Is Divorce Contagious? How do You Avoid ‘Catching it’?
A couple of years ago a group of researchers released a study in which they discussed “divorce clusters”. Based on that, some have talked about divorce being contagious. Some of the findings of the study:
- When close friends divorce, the odds of your marriage ending increase by 75%.
- Those who have divorced friends in their larger social circles are two and a half time more likely to get a divorce than people whose friends are still married.
- You are 22% more likely to divorce is you have divorced siblings.
- In small companies, divorce by co-workers could increase your risk of divorce by 55%.
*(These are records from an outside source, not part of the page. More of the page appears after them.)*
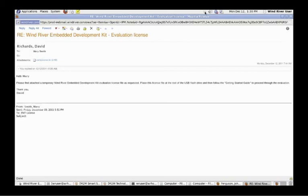Once you receive the activation file back from Wind River, please load the file onto the live USB media and boot from live USB on the same machine that you used to generate the manual activation request. You have now activated your 90-day license.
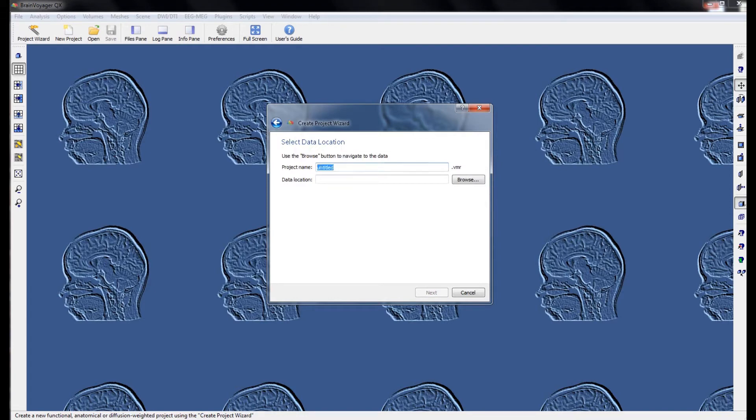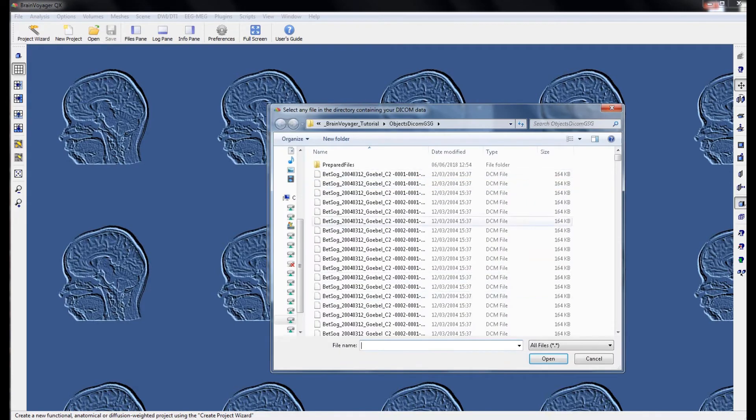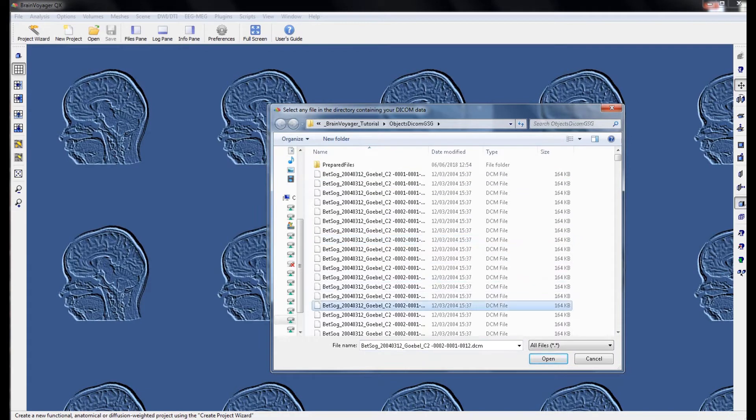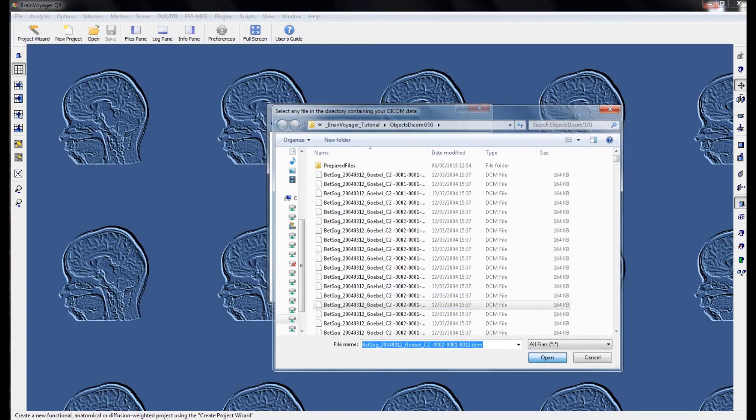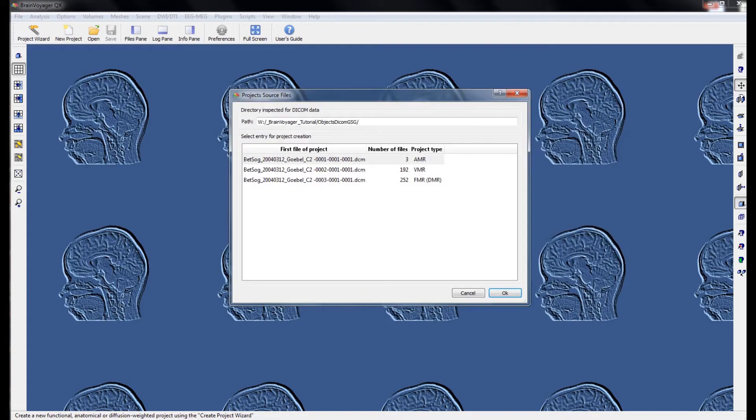For the project name, we want to start with the subject ID followed by an abbreviation for anatomical. When we browse to the folder that contains the DICOMs, we can select any of these files. From here, BrainVoyager will open a window showing the scans that are contained within that folder.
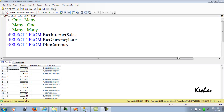Hi there. This blog on SSAS is on currency conversion. Usually when we develop a cube, the measures which are aggregated are done in one currency — either USD or GBP. Apart from that, there are various other currencies into which your cube might need to translate as per business requirements. Basically, there are three approaches of currency conversion: one-to-many, many-to-one, and many-to-many.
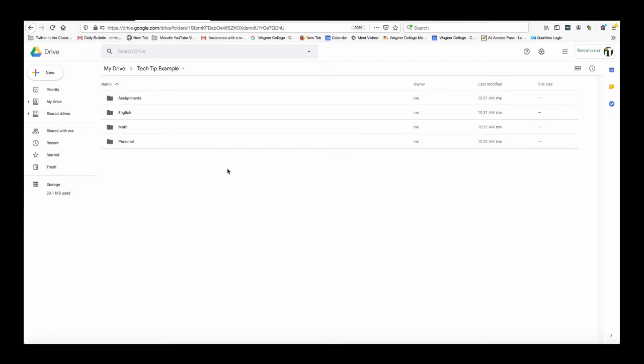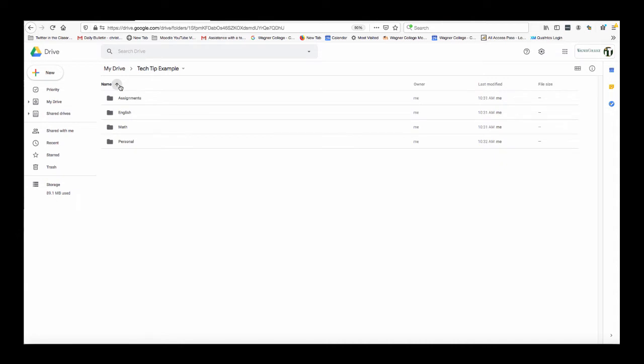So by default when you put your folders inside of your Google Drive they should show up in alphabetical order. Sometimes if things look a little bit off you can just press this arrow here and it'll put them in that alphabetical order for you.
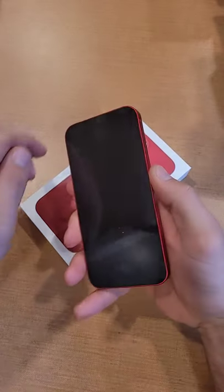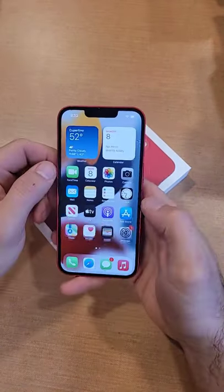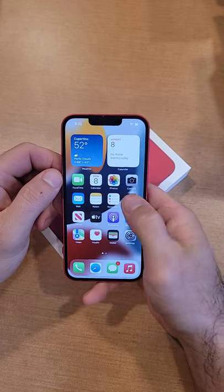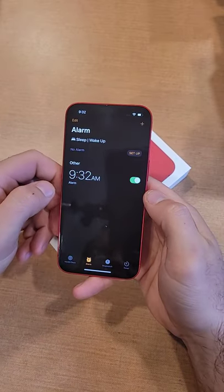How to turn off and delete an alarm on the iPhone 13. First thing we're going to want to do is go into Clock. From Clock, make sure you are in the alarm tab.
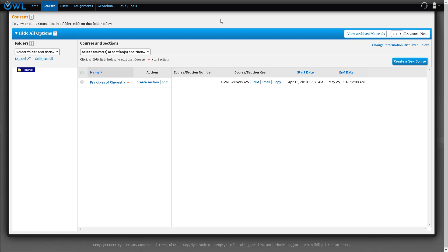If you created a course using a Cengage template, your course already includes getting started assignments. If you built a course manually, follow these steps to add the assignments into your course. To begin, click on the assignments tab.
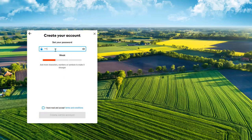Your next step will be to enter in a password. It will show you here if the password has been accepted. I recommend having a capital and some numbers as well as a symbol.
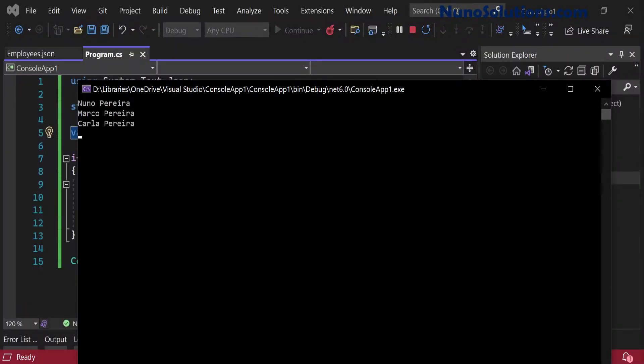Welcome back to NunoSolutions.com. My name is Nuno and in this video I'm going to show you how you can take the list of employees that we deserialized and save them into a SQL Server database.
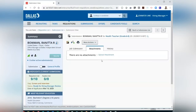From the Attachments tab, you will be able to view any items attached by a candidate, such as a resume or their certification. You can use the left and right arrows to move through the candidate submissions.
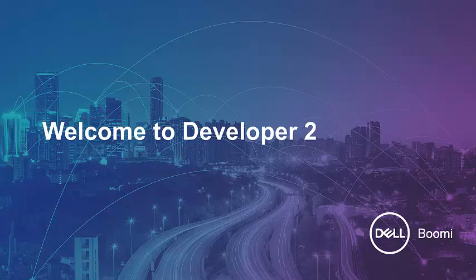Hello, and welcome to the Dell Boomi Developer 2 course. In this video series, we will provide you interactive training on the AtomSphere platform.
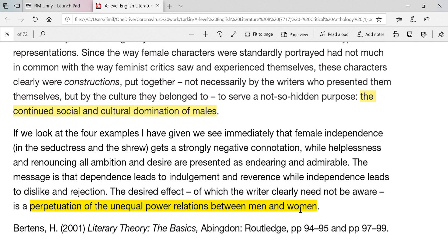So this week — the week of the 18th of May 2020 — select your question, pick a statement, choose the poems you want to apply the statement to, and send it to me so that I can approve it, tweak it if necessary, and then we can get you started on writing the beginnings of this particular piece of coursework.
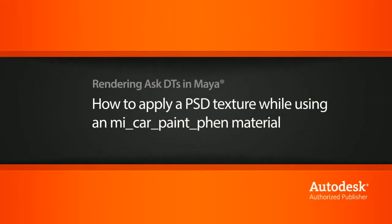Hi, my name is Dan and I'm one of the DT evangelists here at Digital Tutors. In this video, we're going to look at a question from one of our users, Glutamat, on how we can apply a PSD file texture to a mental ray car paint shader.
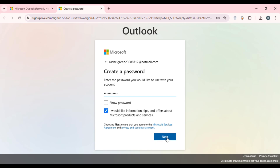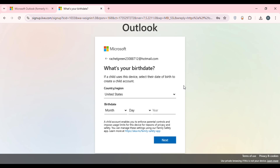Now you'll have to enter your name. Simply enter your first name and last name, then click on the 'Next' option that you can see on the screen.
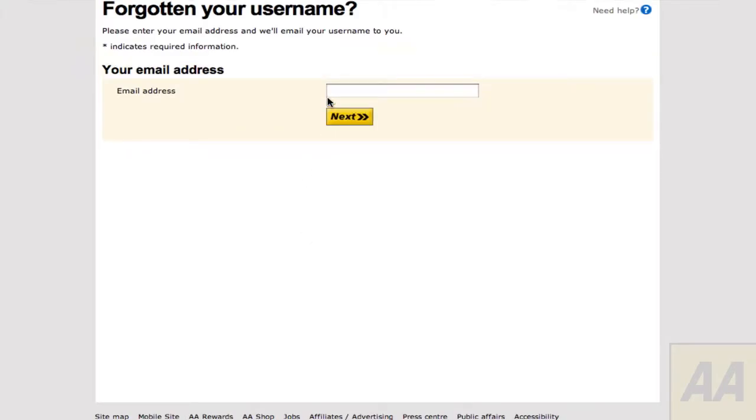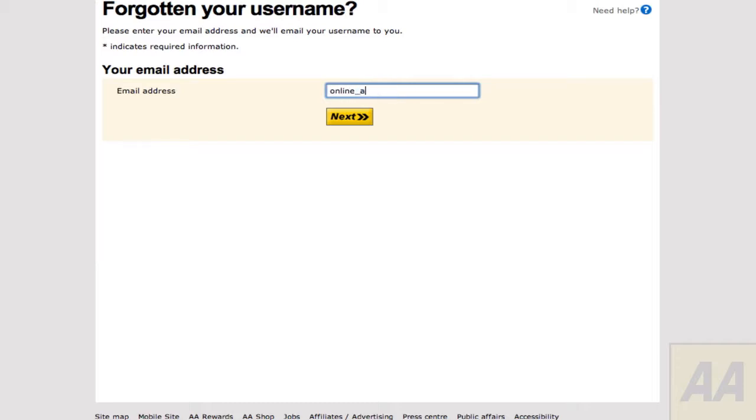Click to enter an email address. Please use the email address associated with your account. Click Next.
I agree with the idea something like divorce is socially contagious, but I see the same being true for good marriages. In part, it’s about permission – permission to divorce, or permission to be more loving. There is also the power of peer pressure – living up to or down to the norm for your group.
If your marriage is not as good as it should be, I would suggest you need to assess your friendships. You need plenty of time with those who have strong marriages, and limited time with those who are in trouble. On the other hand, if your marriage is strong, please help those who are struggling by spending some time with them.
Am I suggesting you ditch a friend because their marriage is in trouble? No, but if many of your friends have significant marriage problems, maybe you need to figure out why you seem to be attracted to such people. Are you looking for a group that won’t call you on your marriage problems. Do you want friends who will “be understanding” if your marriage craters? Are those friends pulling your marriage down?
If there is a good deal marriage turmoil, or divorce, in those close to you, I’d see it as a serious warning sign. See it as signal it is time to make your marriage more of a priority.